Most users perceive marijuana as a healthy, natural plant. It's touted as a cure or treatment for pain, anxiety, seizures, and other various ailments. Yet, much of this is false. Dr. Roneet Lev, a board-certified emergency medicine physician and addiction specialist, tells us about what the pot industry prefers to keep to itself.
Cannabis, commonly known as marijuana, is legal for recreational or medical use in many states and is highly commercialized. In 2020, an estimated 57 million Americans used cannabis in the past year.
The marijuana plant has over 400 chemicals.

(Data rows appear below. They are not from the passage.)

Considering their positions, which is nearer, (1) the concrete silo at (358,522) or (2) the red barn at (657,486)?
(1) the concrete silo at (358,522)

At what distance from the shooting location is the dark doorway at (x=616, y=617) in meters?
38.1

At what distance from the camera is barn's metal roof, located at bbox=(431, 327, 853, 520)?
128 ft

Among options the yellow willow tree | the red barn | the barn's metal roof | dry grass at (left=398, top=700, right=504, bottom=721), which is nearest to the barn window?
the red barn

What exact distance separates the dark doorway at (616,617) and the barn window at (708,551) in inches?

The two most common chemicals are delta-9-tetrahydrocannabinol (THC), the main psychoactive component of cannabis, and cannabidiol (CBD), a non-psychoactive cannabinoid.
Most users perceive marijuana as a healthy, natural plant; it is touted as a cure or treatment for pain, anxiety, seizures, and other various ailments. At least, this is what the billion-dollar cannabis industry wants you to believe. Its masterful advertisement campaigns compete for sales with the alcohol industry while at the same time downplaying the many health hazards – something that few people are aware of.
In this paper, I have highlighted ten facts about marijuana. Cannabis users routinely end up in the emergency department, unaware of the science. As its use skyrockets during this time of deregulation, users of the drug must be made aware of the real risks.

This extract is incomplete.